SGE uses a lot of different libraries. Mixing architectures for a single cluster environment is in general a bad idea and SGE might work, but you really don’t want to hassle with the inevitable white hairs that come with all of the unpredictable and sometimes not-easy-to-understand voodoo errors that occur. Just … Don’t do that!

I never used the Hadoop build, so all binaries and everything is tested with -no-herd.

For the impatient (not commented)

git clone https://github.com/grisu48/gridengine.git
cd gridengine/sge-8.1.9/source
./scripts/bootstrap.sh
./aimk -no-herd -no-java
# Eventually mkdir /opt/sge
sudo SGE_ROOT="/opt/sge" scripts/distinst -local -allall -noexit       # asks for confirmation
export SGE_ROOT="/opt/sge"
cd $SGE_ROOT

./install_qmaster        # On the Master Host
./install_execd          # On the execution host (Compute node)

Notes about installing the Gridengine

I’ve tried to automate the install with ansible, but the install_execd -auto script proves to be quiet unreliable. After several failed attempts, I decided to install the Gridengine manually from a shared NFS directory.

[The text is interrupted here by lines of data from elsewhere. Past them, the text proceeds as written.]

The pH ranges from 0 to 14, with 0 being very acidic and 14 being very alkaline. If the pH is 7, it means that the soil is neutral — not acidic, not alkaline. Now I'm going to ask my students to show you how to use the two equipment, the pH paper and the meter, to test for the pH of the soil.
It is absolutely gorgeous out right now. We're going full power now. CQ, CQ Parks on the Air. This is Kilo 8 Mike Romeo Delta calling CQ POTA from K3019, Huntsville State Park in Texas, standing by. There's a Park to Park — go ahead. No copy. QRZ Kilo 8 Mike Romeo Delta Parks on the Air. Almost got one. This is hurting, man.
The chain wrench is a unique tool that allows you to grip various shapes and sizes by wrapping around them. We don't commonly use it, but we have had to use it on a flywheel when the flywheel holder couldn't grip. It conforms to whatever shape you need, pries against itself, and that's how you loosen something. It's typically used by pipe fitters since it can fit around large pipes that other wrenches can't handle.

This is in general a good idea, as the spool directory anyways needs to be in a NFS share. To prevent trouble I have separated the binaries (read-only NFS) from the spool directory (read-write access to all nodes).

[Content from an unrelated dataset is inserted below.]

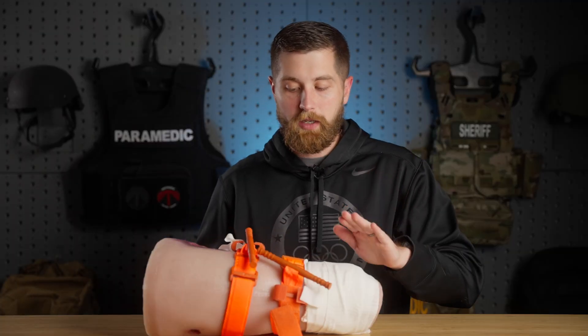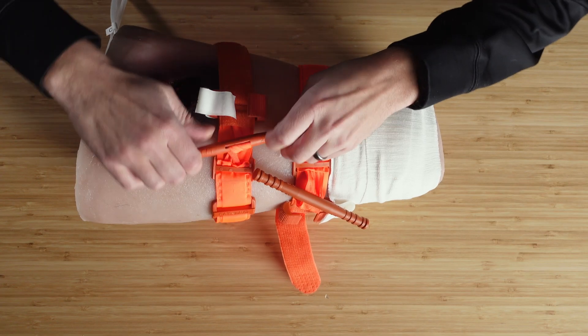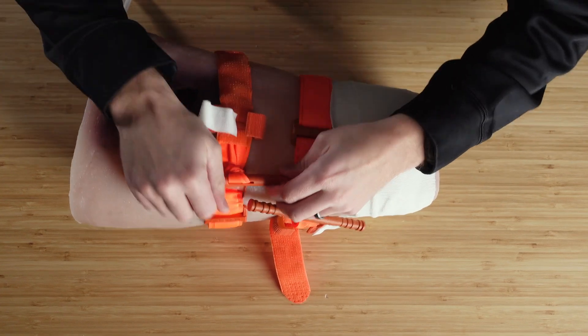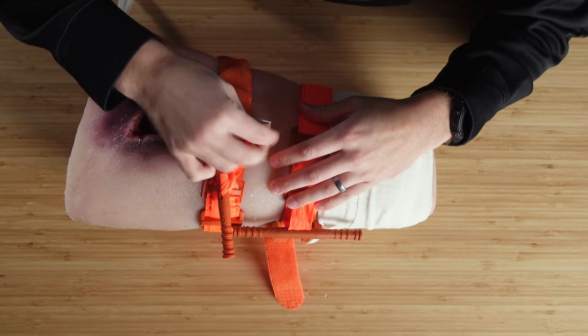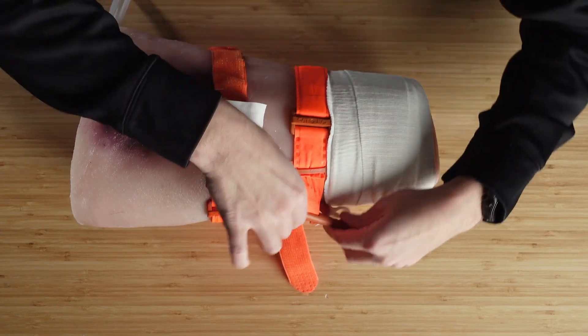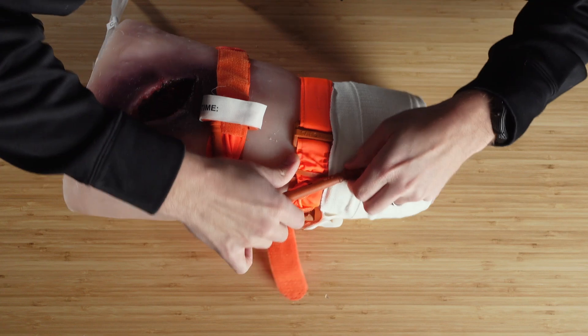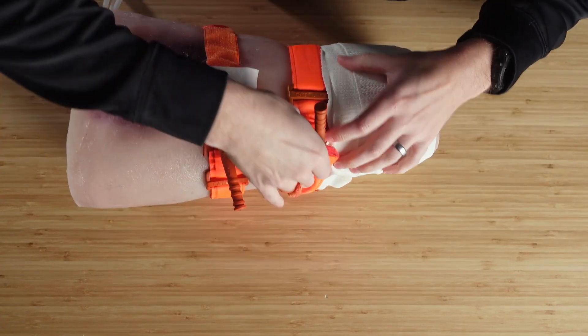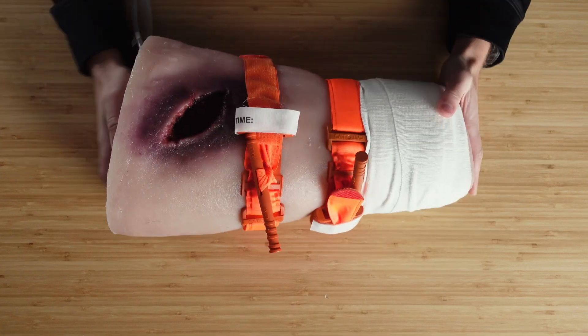Now, if it is starting to bleed and I'm pretty worried about it, I'm going to take the plus-one tourniquet and tighten that down until bleeding stops. If that one doesn't work, I'll go back to the first tourniquet that was applied and tighten that down until bleeding stops — and we're going to stop the blood flow that way.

I’ve tried to mix CentOS and OpenSUSE. The Gridengine works with each other, but you will run into other problems as the execution environment is different. Don’t do that!

Running the SGE over NFS is the way I recommend. Be aware of the hassle, when the master node becomes unresponsive. In that case, don’t do magic tricks, just reboot the nodes. Everything else is fishy.

Known problems with Son of Grid engine

This section is dedicated to document two bugs and make them appear on google, so that other unfortunate beings, who encounter the same problems can find a solution. I’ve encountered two errors, when trying to build the original 8.1.9 version

../sh.proc.c:153:16: error: storage size of ‘w’ isn’t known
     union wait w

This problem was the reason for me to fork it. Comment out line 51 in sge-8.1.9/source/3rdparty/qtcsh/sh.proc.c

#if defined(_BSD) || (defined(IRIS4D) && <strong>STDC</strong>) || defined(<strong>lucid) || defi  ned(linux) || defined(__GNU</strong>) || defined(<strong>GLIBC</strong>)<br />
  //# define BSDWAIT   // Fix for "../sh.proc.c:153:16: error: storage size of ‘  w’ isn’t known"<br />
  #endif /* _BSD || (IRIS4D && <strong>STDC</strong>) || __lucid || glibc */

undefined reference to tputs, tgoto, ecc.

I encountered this error when building as root. Try building as unprivileged user (which you should do anyways!)

Mirrors

I am mirroring the current version of Son of Grid engine on my ftp-server. My own fork is in the GitHub repository gridengine.